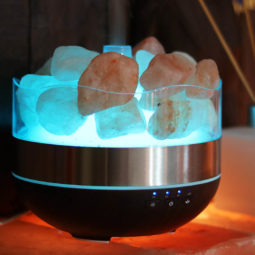 Himalayan Salt Diffuser Humidifier - Polished Stones | Himalayan Salt Factory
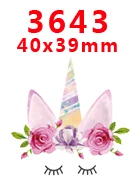 30 шт мультяшный персонаж плоское украшение из смолы PR 3496 - Цвет: 3643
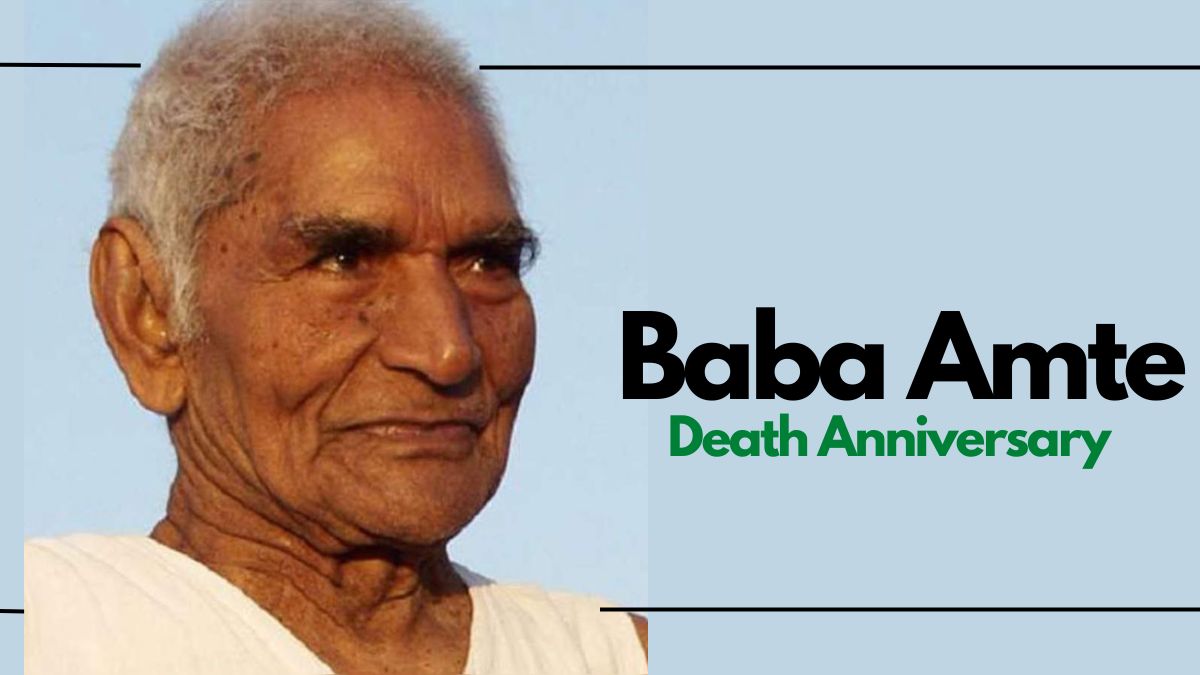 Baba Amte ( 26 December 1914 – 9 February 2008)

* _To do_
Print the material above once more, exactly. No pictures belong in it.

* _Task result_
 Himalayan Salt Diffuser Humidifier - Polished Stones | Himalayan Salt Factory
 30 шт мультяшный персонаж плоское украшение из смолы PR 3496 - Цвет: 3643
 Baba Amte ( 26 December 1914 – 9 February 2008)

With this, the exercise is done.